(Washington D.C.) There was an interesting and potentially somewhat telling phrase buried beneath the attention-grabbing weapons content cited in the Pentagon’s recently published 2021 China report, and that is the use of a People’s Liberation Army “system of systems” approach.
Chinese efforts to steal or copy U.S. weapons systems are by no means surprising, yet the report’s mention of China’s growing emphasis upon “networking” and preparing for “informationalized” warfare, introduces an extremely significant nuance.
“The goal of mechanization can be broadly understood as the PLA seeking to modernize its weapons and equipment so they can be networked into “systems of systems” and utilize more advanced technologies suitable for “informatized” and “intelligentized” warfare,” the Pentagon’s “2021 Report on Military and Security Developments involving the People’s Republic of China,” states.
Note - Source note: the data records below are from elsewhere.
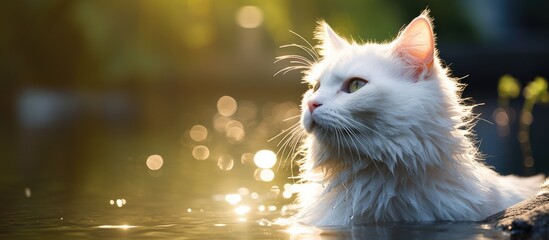 In the serene embrace of nature, a beautiful white cat with captivating black eyes stood in the street, its cute and elegant portrait reflecting the innocence and grace of a young feline. The sunlight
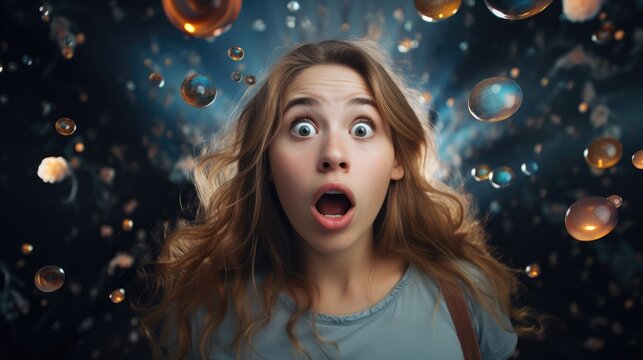 Depicting feelings of excitement, shock, surprise. Young girl standing on a dark background. Female facial expressions and emotion body language concept.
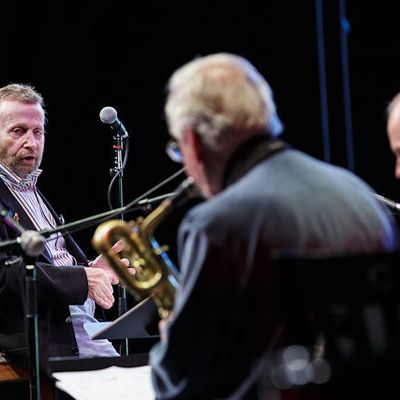 2012, Johnny Mandel conducting at Centrum's Jazz Port Townsend with Bill Ramsay & Travis Ranney, saxs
The report goes so far as to suggest that networked “system-of-systems” kinds of tactics could help China annex or take over Taiwan.
“In 2020, the PLA added a new milestone for modernization in 2027, to accelerate the integrated development of mechanization, informatization, and intelligentization of the PRC’s armed forces, which if realized would provide Beijing with more credible military options in a Taiwan contingency,” the Pentagon report says.
Joint All Domain Command and Control
This raises the interesting question as to whether China is seeking to replicate the Pentagon’s fast-moving, high priority Joint All Domain Command and Control program to engineer a multi-domain “meshed” network of interconnected nodes across the force capable of gathering, processing, organizing and transmit time-relevant data between otherwise disparate elements of the joint force.